Noami Yamashita and Toru Ishida (Kyoto) Computer Supported Cooperative Work (CSCW 2006). [pdf]
Abstract: Even though multilingual communities that use machine translation to overcome language barriers are increasing, we still lack a complete understanding of how machine translation affects communication. In this study, eight pairs from three different language communities–China, Korea, and Japan–worked on referential tasks in their shared second language (English) and in their native languages using a machine translation embedded chat system. Drawing upon prior research, we predicted differences in conversational efficiency and content, and in the shortening of referring expressions over trials. Quantitative results combined with interview data show that lexical entrainment was disrupted in machine translation-mediated communication because echoing is disrupted by asymmetries in machine translations. In addition, the process of shortening referring expressions is also disrupted because the translations do not translate the same terms consistently throughout the conversation. To support natural referring behavior in machine translation-mediated communication, we need to resolve asymmetries and inconsistencies caused by machine translations.

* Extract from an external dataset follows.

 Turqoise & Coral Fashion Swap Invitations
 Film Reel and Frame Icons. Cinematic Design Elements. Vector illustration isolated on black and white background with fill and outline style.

Task for experiments: order figures through a chat interface, via a third language (English) and with own lanuage+ MT.
The process of agreeing on a perspective on a referent is known as lexical entrainment [4, 11].

Although machine translation liberates members from language barriers, it also poses hurdles for establishing mutual understanding. As one might expect, translation errors are the main source of inaccuracies that complicate mutual understanding [25]. Climent found that typographical errors are also a big source of translation errors that hinder mutual understanding [7]. Yamashita discovered that members tend to misunderstand translated messages and proposed a method to automatically detect misunderstandings [30].

In machine translation-mediated communication, shortened referring expressions are not necessarily translated correctly; even when referring expressions overlap considerably, machine translation may generate something totally different based on very small changes. Because abbreviation is problematic for machine translation, we expect that participants will identify a figure using identical referring expressions throughout the conversation.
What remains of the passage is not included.